Manufacturers reported brands paying late; making last-minute changes to orders, not paying for the changes, then fining manufacturers for late delivery; and demanding extra price reductions even after production has started.
Dr Sabina Lawreniuk, Principle Research Fellow and human geographer in the University of Nottingham’s School of Geography, who led the Nottingham evaluation, said: “Our research shows that current brand purchasing practices directly impact workers, resulting in precarious and insecure work across UK factories.
The findings highlight the transfer of inappropriate risk from retailers and brands to manufacturers. These include:
- 31 per cent of manufacturers reported brands cancelling orders.
- 78 per cent experienced brands not covering the costs for last-minute changes they made to previously confirmed orders.
- 75 per cent reported brands not adjusting price to account for increases in minimum wages.

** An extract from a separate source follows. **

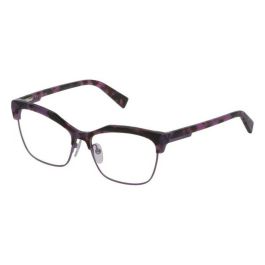 Montura de Gafas Mujer Sting VST184530AD6 Ø 53 mm Precio: 36.49999969. SKU: S0348093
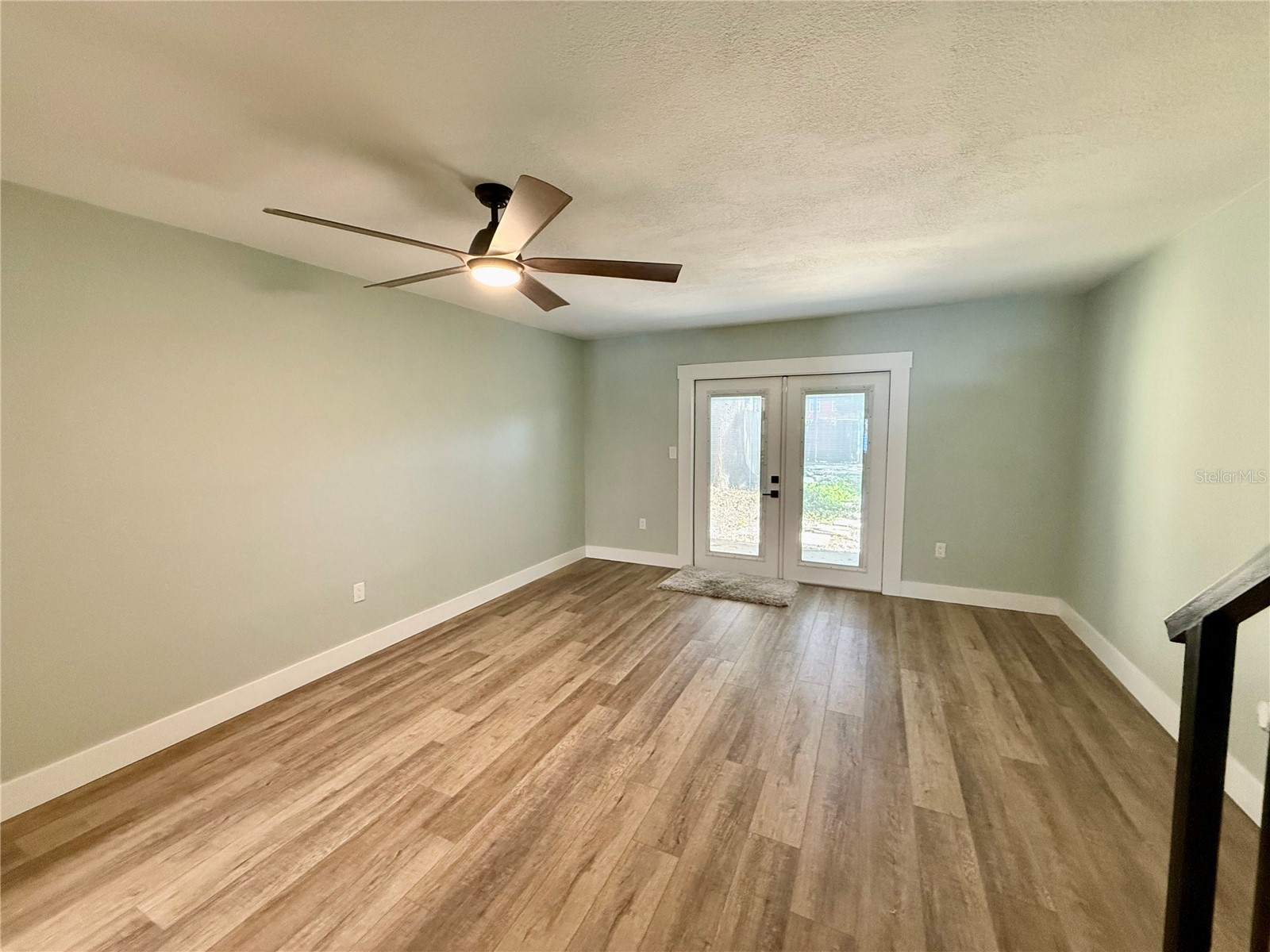 3920 Mount Vernon Avenue Titusville FL 32780 O6400316 image22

- 67 per cent experienced brands quoting for large orders, then reducing the size but keeping unit cost the same.
- 44 per cent reported brands making regular requests for payment extensions; 10 per cent experienced order payments being delayed more than three months past originally agreed terms.

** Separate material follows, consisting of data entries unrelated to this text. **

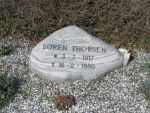 Soeren Thorsen.JPG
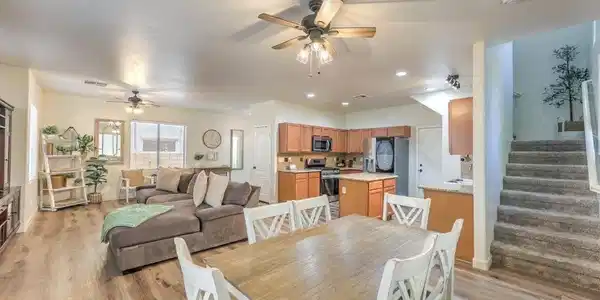 731 EASTER LILY Place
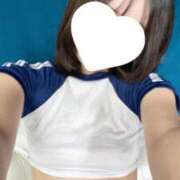 ヒメ日記 2025/02/26 21:09 投稿 ちはや ウルトラハピネス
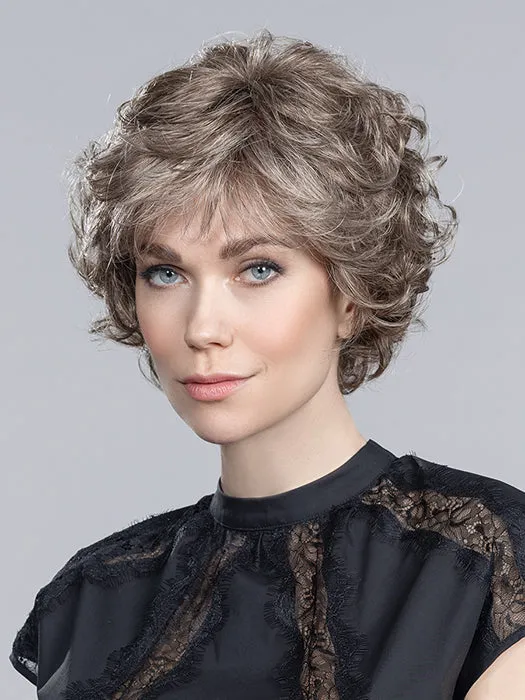 Aurora Comfort | Hair Power | Synthetic Wig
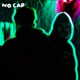 No Cap feat Zeka Lonzo Single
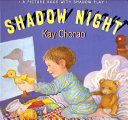 Shadow Night cover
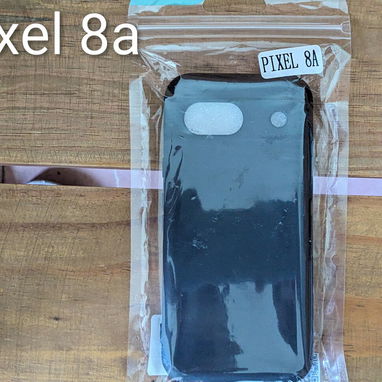 Forros de Huawei y Pixel - Img 124434377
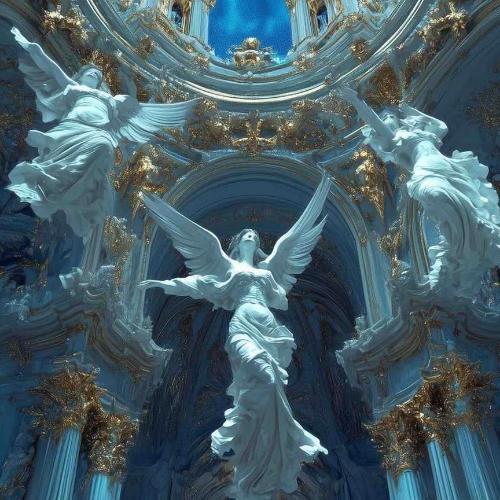 สมาชิกหมายเลข 3839992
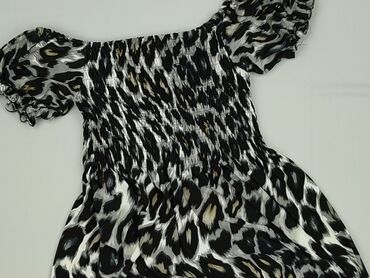 Dresses: Women`s dress, size S (EU 36)
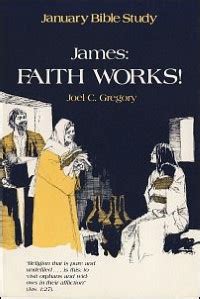 James: Faith Works! | Logos Bible Software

- 31 per cent reported penalties for being late when the brand caused the delays with order changes after contract.
- 29 per cent reported brands insisting on discounts after entering into a contract.
Manufacturers reported the impact of these practices being passed onto workers. Reporting increasing overtime to fulfil sudden increases in orders (73 per cent), reducing employee hours due to cancellations (58 per cent), and workforce terminations (29 per cent) in response to sudden contract changes.
The findings show the minimal faith respondents had for institutional routes for dispute resolution - with only 22 per cent pointing to the legal system as holding a viable route for redress, 21 per cent court action, and no manufacturers considering government, multilateral or multistakeholder initiatives a viable route. Respondents consistently highlighted financial and legal barriers to disputes, noting that they “haven’t got the money to challenge” and that “any legal comeback is way beyond our means,” indicating that pursuing formal dispute mechanisms is often unaffordable.
With no viable available avenue for redressal, the experts advise that Government action is needed to address unacceptable brand behaviour, undertaken by brands benefiting from the UK consumer market. Adding, that in the UK, a Garment Trading Adjudicator (also referred to as Fashion Watchdog), needs to be established, similar to the Groceries Code Adjudicator which curbs the unacceptable purchasing practices of the UK’s largest food retailers.
Hilary Marsh, Garment Policy Advisor at Transform Trade, added: “This report is just another piece of evidence of these practices that rule the industry. A Fashion Watchdog would enforce fair business practices for the sector.”